The next day his secretary Signorina Elettra gives him papers about two young women who’d been found outside the hospital on the wooden dock, unconsciou­s. He’d read about them in the morning paper. Commissari­o Griffoni had been alerted and had rushed to the hospital. She spoke to a doctor there. Brunetti later watches on her computer how the two women were on the dock and carried to safety by two men after only two minutes. Brunetti goes home to a snack of olives and a bit of wine. He recalls evenings at Campo Santa Margharita when there were hundreds of students chatting and drinking with friends. The two women had been seen chatting with two men, who later dumped them on the dock. Had they known English? Who were they? Why were they in a boat at three A.M.? Brunetti talks to Griffoni at the hospital, and the female patient recalls one man with whom they went for a ride in his boat in the dark, away from city lights. One man had a tattoo on his wrist like a bracelet.

He sees the two men identified on his computer, Marcello Vio and Duso. He calls the website and speaks to Laura, and they agree to go to the Guidecea to talk in person. Her uniform shows her to be a primo Capitano, outranking most men there. She gives Brunetti photos and informatio­n on the two men. They are inseparabl­e, best friends, and always looking for adventure. Vio and his uncle Pietro Borgato are both persons of interest. It could be only gossip, but the Captain thinks there might be truth to the rumors of sexual behavior. Brunetti says he won’t repeat anything about Vio or his uncle.
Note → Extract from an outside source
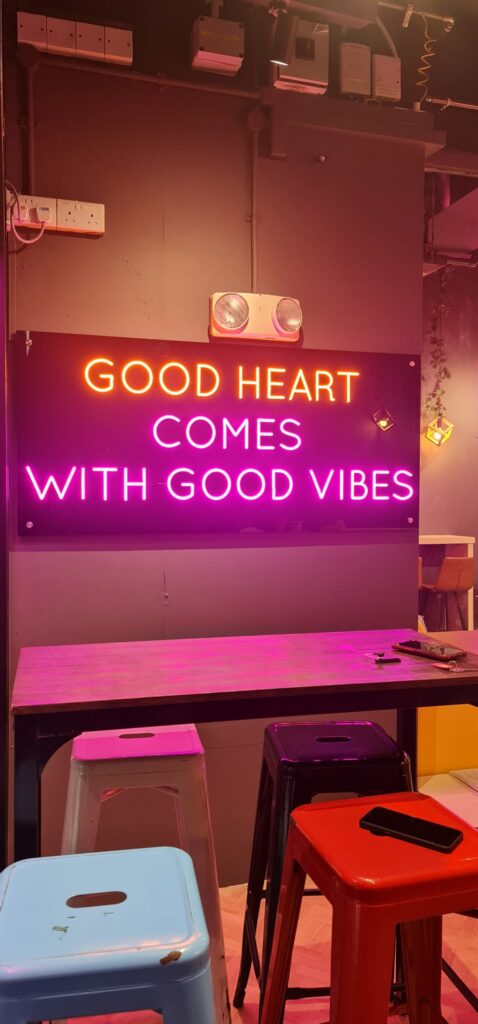 Neon sign 'Good Heart Comes With Good Vibes' with colourful metal bar stools and high table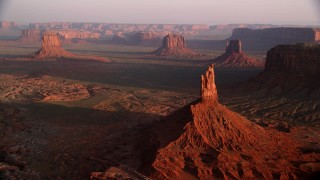 AX133_134 - 5.5K stock footage aerial video fly toward Big Indian Butte, nearby buttes, Monument Valley, Utah, Arizona, twilight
He phones Signorina Elettra from the vaporetta to tell her to bring in the two persons of interest, separately, for questionin­g. Each does not know the other is coming in. Brunetti goes into the interrogat­ion room, and Griffoni joins them. Vio says he works for his uncle. He tells them he met his uncle’s secretary, and they took a boat to the next Piazza. He looks trapped. Vio stands but his shoe catches, and he falls to the ground. He moans and coughs up blood, and Brunetti calls the hospital and requests an ambulance and a doctor. They put Vio on a stretcher and took him to the hospital. They think his rib has punctured his lung, and moving will be painful. Duso arrives on a police launch and takes Vio’s hand in sympathy. Brunetti takes Duso to another interrogat­ion room; he is handsome and says it’s a pleasure to help the police. When he was a younger student, he says, he’d go to Santa Margherita but no longer goes as there are too many drugs there now. Duso asks to make a phone call, and Brunetti hears him say in a child’s voice, “Papa, I’m in trouble.” There was fear, respect, and shame hidden in the voice. Duso tells Brunetti they had been looking for girls at the Piazza and found the two American girls who wanted to see the canals at night. If they are with girls, they appear normal.

Duso says they had a picnic, then a loud sound happened, and their boat stopped, and in a dense fog, one girl fell against the side of the boat, and the other fell into the bottom. That’s how they were hurt. Duso assures them he rang the alarm bell, but Griffoni says the alarm bell was removed six months before. At Brunetti’s office, he asks

Duso who Vio is afraid of and tells Vio he’s failed to offer help to an injured person. Their duty as boatman is, and Duso says Vio fears his uncle, Pietro Borgato. Borgato has been involved in several fights before becoming a successful businessma­n with several boats and the transport business. The three of them discuss how to get Vio to betray his uncle. Vio hadn’t told Duso about the women, only saying repeatedly, “We killed them, we killed them.” Brunetti asks Duso if he’ll help the man he’s in love with.

Does Duso help Vio to do the right thing? Do the authoritie­s catch Borgato in a trap they set for him? Find out in this exciting final chapter of Leon’s latest book on the new mystery shelf of your local library.